Banking facilities are also not many because it is only the GN Bank that is available to serve 91 communities with over 55,000 inhabitants.

Adaklu has a limited source of potable water as the people depend on untreated water from River Tordzie and the Kalakpa stream for drinking and domestic uses.

Water project

A few of the communities, however, have mechanised and manual boreholes.

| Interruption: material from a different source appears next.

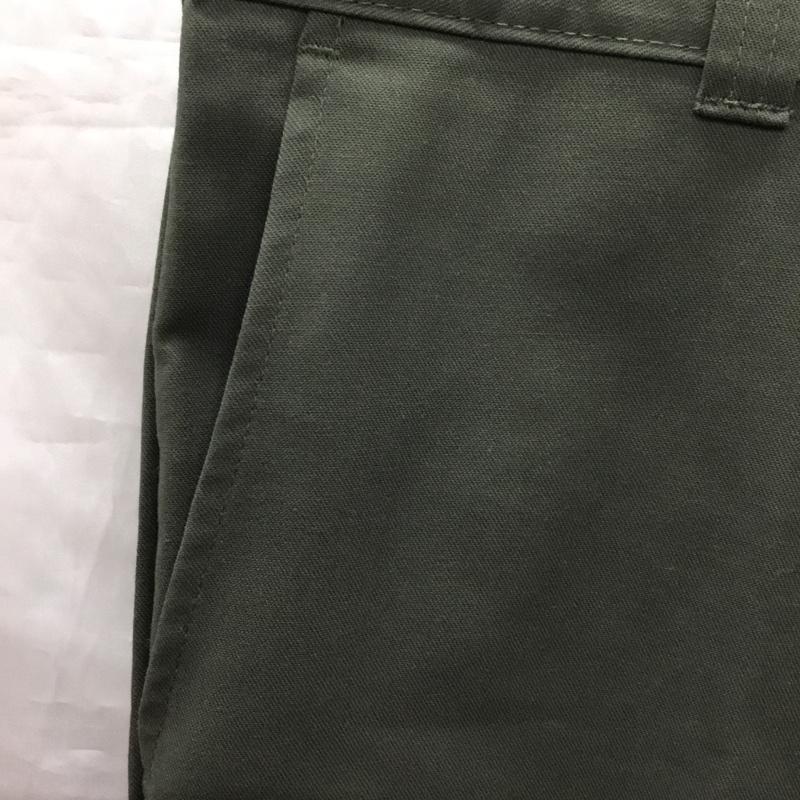 ディッキーズ Dickies パンツ ワークパンツ、ペインターパンツ ワークパンツ スリムパンツ カジュアルパンツ 32インチ ロゴ、文字 カーキ / カーキ /  メンズ USED 古着 中古 10121984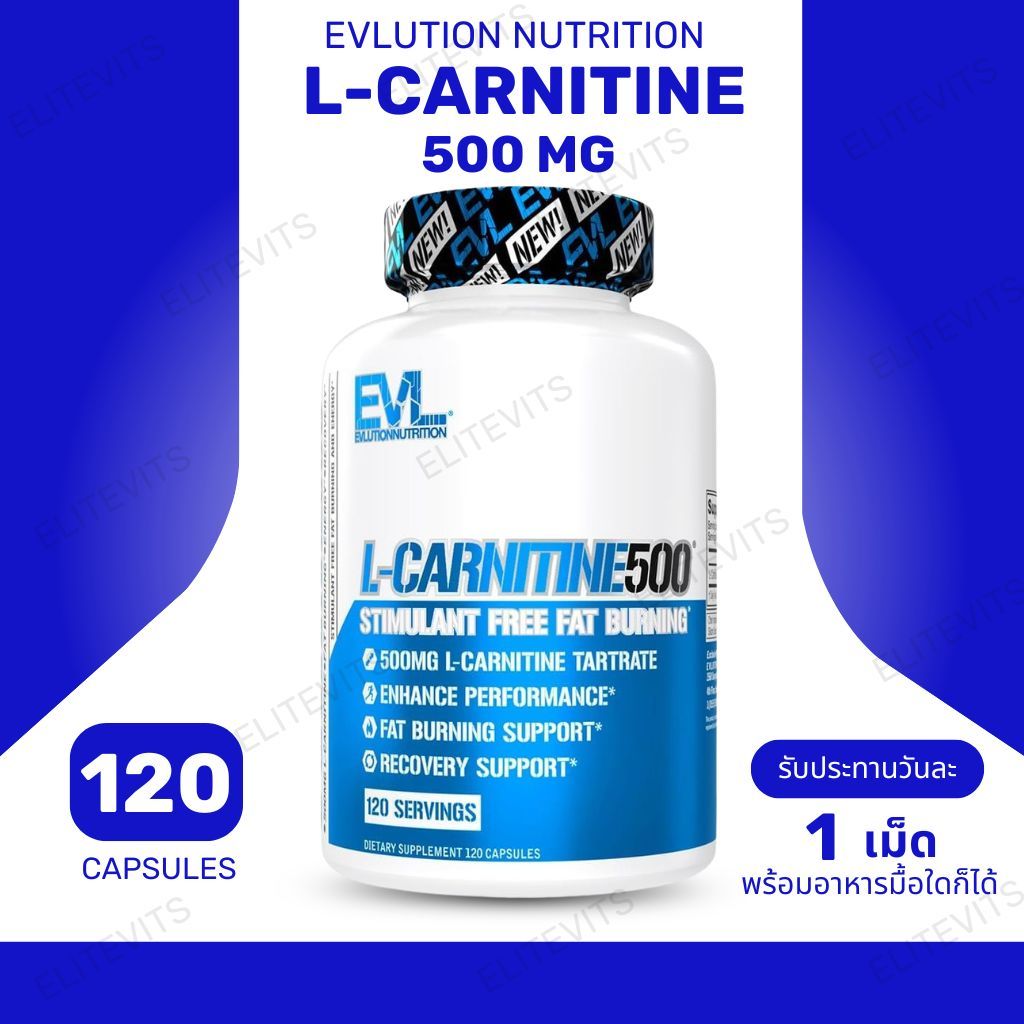 EVLution Nutrition, L-Carnitine500®, 500 mg, 120 Capsules (No.3815)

The DCE, therefore, appealed for connection to the Adidome water system.

He indicated that there was an ongoing water project sponsored by the Spanish government to provide mechanised boreholes for nine communities.

Adaklu District is serviced by 11 Community Health and Planning Services (CHPS) compounds because it has no clinic, no health centre, no hospital and has always referred patients to Ho or Adidome.

Apart from subsistence farming, the people are at risk of creating the first inland desert in the country due to the excessive harvesting of trees for firewood.

The people are generally unhappy about the low level of infrastructure development and have called on the government to fast track the development of the area.

Miss Patience Teli, a 35-year-old farmer, says the people are saddled with bad roads that lead to the district capital so the expected growth of a market at Waya has been stifled and farmers income has been affected because they cannot cart their produce to the market to promote inter-district trade with adjoining districts.